Fulham face another tricky away trip tomorrow afternoon, heading to the Hawthorns to take on relegation rivals West Bromwich Albion in what is already a make-or-break game at the foot of the Premier League.
The Baggies will be looking for an immediate response after their humbling at the hands of Pep Guardiola’s Manchester City on Tuesday night. The visitors found it all too easy, a combination of their own silky skills, and some abject Albion defending leading to a five-star stroll. Prior to that humiliation, however, West Brom seemed to be on something of an upturn under Sam Allardyce. After crashing out of the FA Cup on penalties at League One Blackpool, Allardyce’s men travelled to local rivals Wolverhampton Wanderers and took all three points – coming back from 2-1 down to win 3-2 at Molineux. They were unlucky to lose at Allardyce’s former club West Ham and pinched a point in his first match as manager at Anfield.

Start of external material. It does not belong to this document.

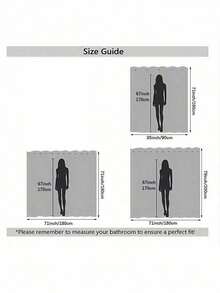 SHEIN 1 Pc Of Gold Striped Printed Bathroom Curtain - Rural Home And Bathroom Decoration, Made Of Polyester Material, Including 12 Hooks, Machine Washable And Hand Washable, Suitable For Year-Round Use - Multicolor - View 7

Albion will want to rediscover home comforts having lost all four games at the Hawthorns since the ex-England manager replaced Slaven Bilic in December. Allardyce hasn’t been able to carry them out of the relegation zone having recorded just one win in charge and nor has he been able to stop his new charges from conceding goals at an alarming rate. New signings are planned, although it is unlikely that the imminent arrival of Galatasaray striker Mbaye Diagne will come in time for him to face Fulham. Instead, Allardyce will make personnel changes to the team thrashed by Manchester City – with Matt Phillips and Conor Gallagher likely to come back in. Lively winger Grady Dianagana is an injury doubt and Albion’s most potent threat is likely to be the mercurial Matheus Pereira, a star in the Championship, who has scored five goals and made three more this term.

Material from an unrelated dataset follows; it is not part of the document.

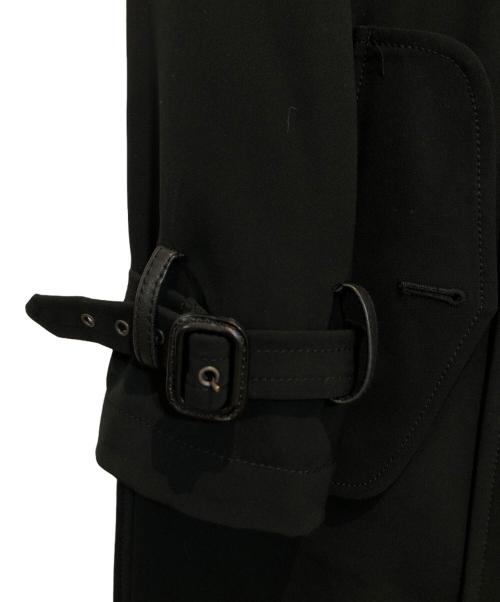 POLO RALPH LAUREN（ポロ・ラルフローレン）POLO RALPH LAUREN (ポロ・ラルフローレン) レザー切替トレンチコート ネイビー サイズ:8の古着・服飾アイテム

Fulham are sorely in need of victories – Wednesday night’s stalemate at Brighton was their sixth draw in eight games – and goals, having scored just four in their last nine league matches. The most likely solution to that problem, in the absence of a new striker, is probably Aleskandar Mitrovic. The Serbian has just three to his name this season and has had been short of confidence having missed the pivotal penalty in his country’s failure to qualify for the European Championships and been overlooked as Scott Parker changed his system. But Mitrovic scored 26 goals in the Championship last year, scored eleven in a desperately poor Fulham side that was relegated in 2019, and showed encouraging sharpness as a substitute at Brighton. If restored to lead the line tomorrow, Mitrovic would bring a presence that has been missing from Fulham’s attack potentially alongside a livewire in Ademola Lookman, who already has three goals and three assists, and Bobby Decordova-Reid, who opened the scorer in the reverse fixture at Craven Cottage.
Parker will be able to call upon the services of Antonee Robinson, the American international who has been so impressive since arriving from Wigan in the summer, after his suspension for that sending off against Chelsea. Fulham looked badly unbalanced when the head coach opted to play Decordova-Reid at left wing-back on the south coast and Robinson’s desire to drive forward with pace and power could provide a new attacking option. Their only persisting injury worries are around Tom Cairney, who has just began a new course of treatment to overcome his knee problem, and Terence Kongolo, whose latest setback is a thigh strain.
Fulham can’t afford to be cut adrift at the bottom. For that reason, Parker needs to be more adventurous at the Hawthorns and back the quality in his side to cause West Brom problems. He should be bold and recall Mitrovic because a win would make such a difference to our survival bid.
MY FULHAM XI (5-3-2): Areola; Tete, Andersen, Tosin, Aina, Robinson; Anguissa, Reed, Loftus-Cheek; Lookman, Mitrovic
@ffcSeb’s score prediction– West Bromwich Albion 0-2 Fulham FC
Please, please, please, please give Mitro a go. If it fails then fine, we’ve tried everything we have.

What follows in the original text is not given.